INPUT MATERIAL:
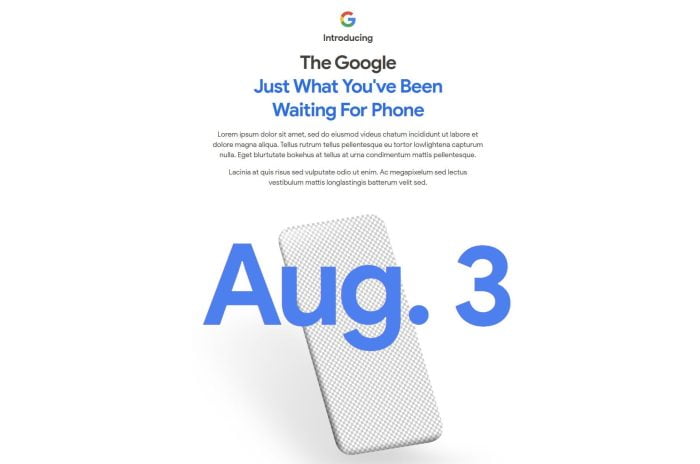 Google Pixel 4a Rätsel zum Veröffentlichungsdatum.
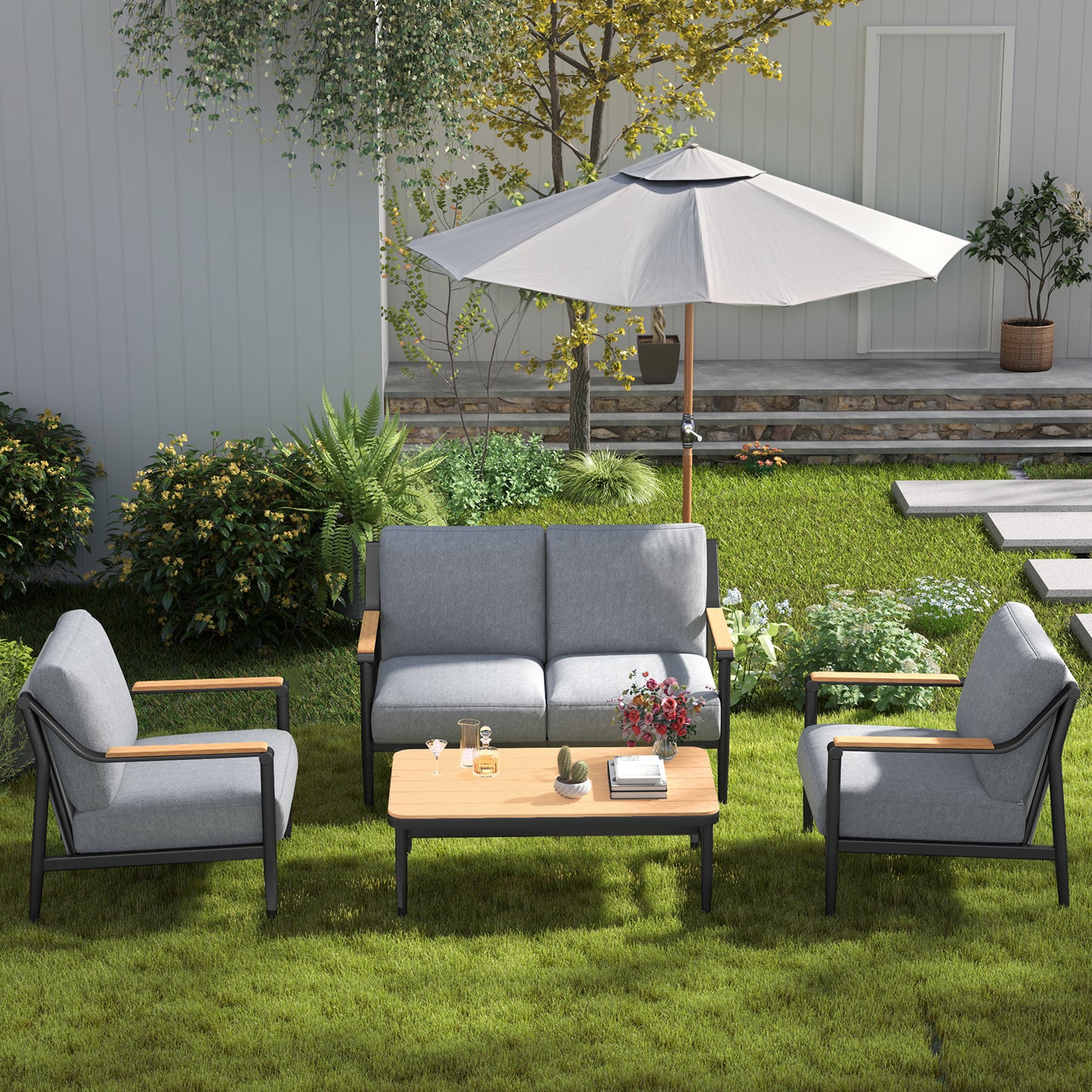 Jocoevol 4-Piece Outdoor Sofa Set - Four Seaters with Coffee Table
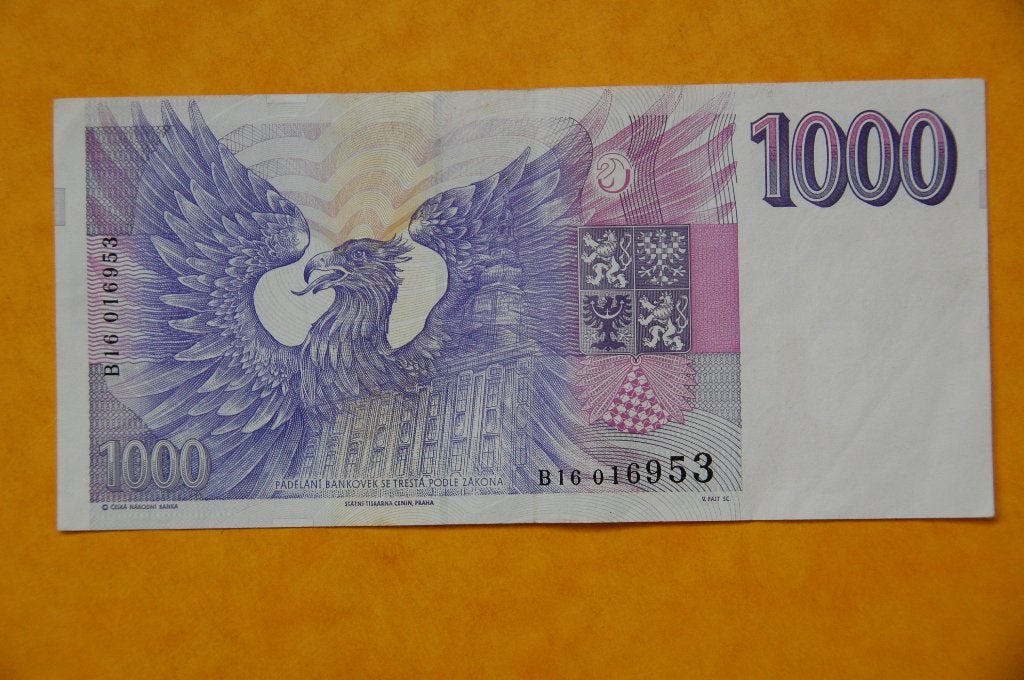 RÉPUBLIQUE TCHÈQUE : 1000 KORUN 1993 en très bon état, Envoi, Billets en vrac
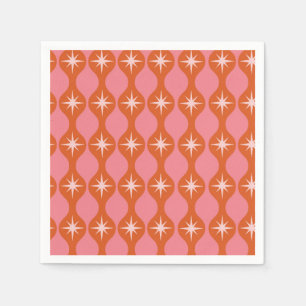 Mid Century Starbursts op Oranje roze ogee patroon Servet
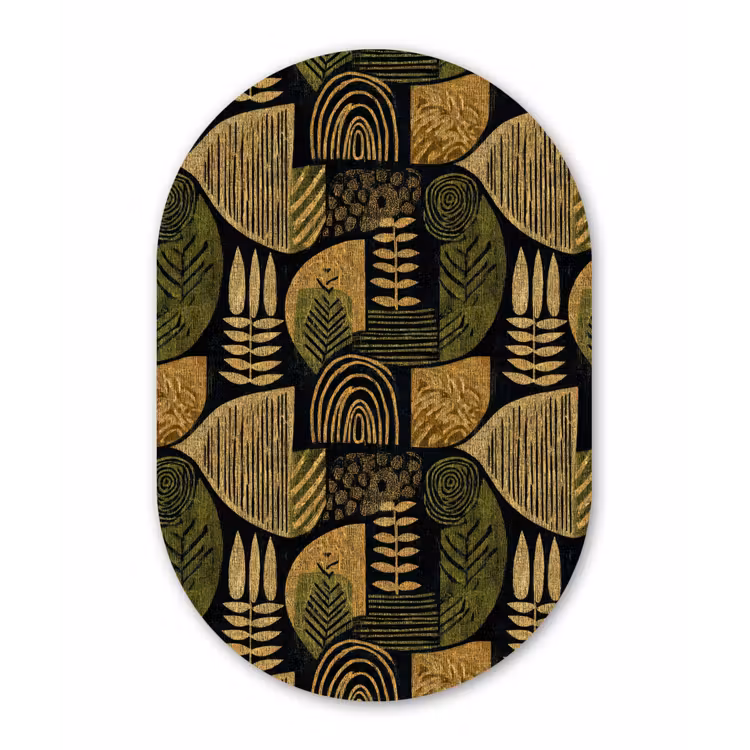 Forexbild Oval - Schwarz – Ockergelb – Botanisch – Textur — 1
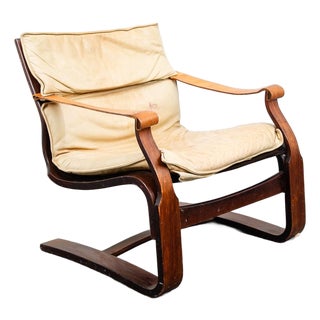 Mid Century Danish Modern Lounge Chair Brown Leather Armchair Tan Saddle Arms For Sale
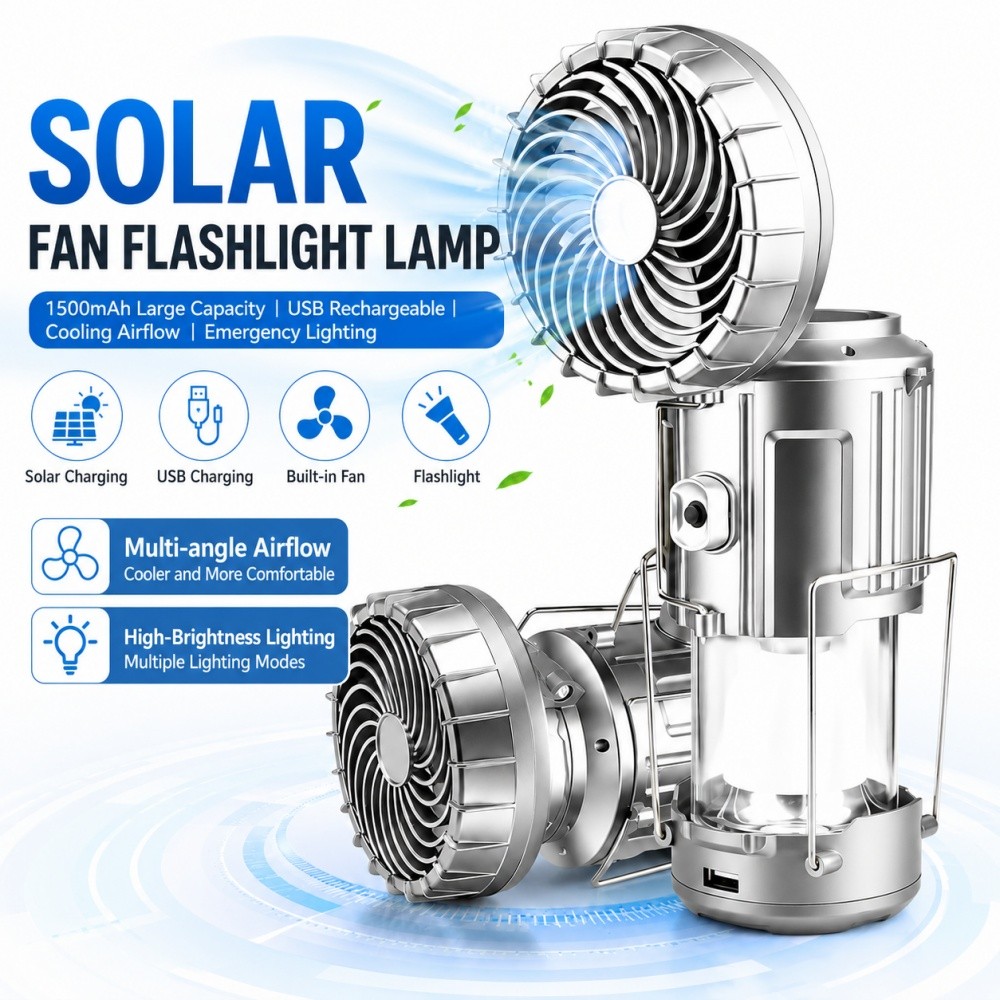 Solar Charging Camping Light Adjustable Fan Outdoor Lantern Rechargeable Lamp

WHAT THE EXERCISE ASKS: The reply should hold every line of the records unchanged and no pictures.

SOLVED PROBLEM:
 Google Pixel 4a Rätsel zum Veröffentlichungsdatum.
 Jocoevol 4-Piece Outdoor Sofa Set - Four Seaters with Coffee Table
 RÉPUBLIQUE TCHÈQUE : 1000 KORUN 1993 en très bon état, Envoi, Billets en vrac
 Mid Century Starbursts op Oranje roze ogee patroon Servet
 Forexbild Oval - Schwarz – Ockergelb – Botanisch – Textur — 1
 Mid Century Danish Modern Lounge Chair Brown Leather Armchair Tan Saddle Arms For Sale
 Solar Charging Camping Light Adjustable Fan Outdoor Lantern Rechargeable Lamp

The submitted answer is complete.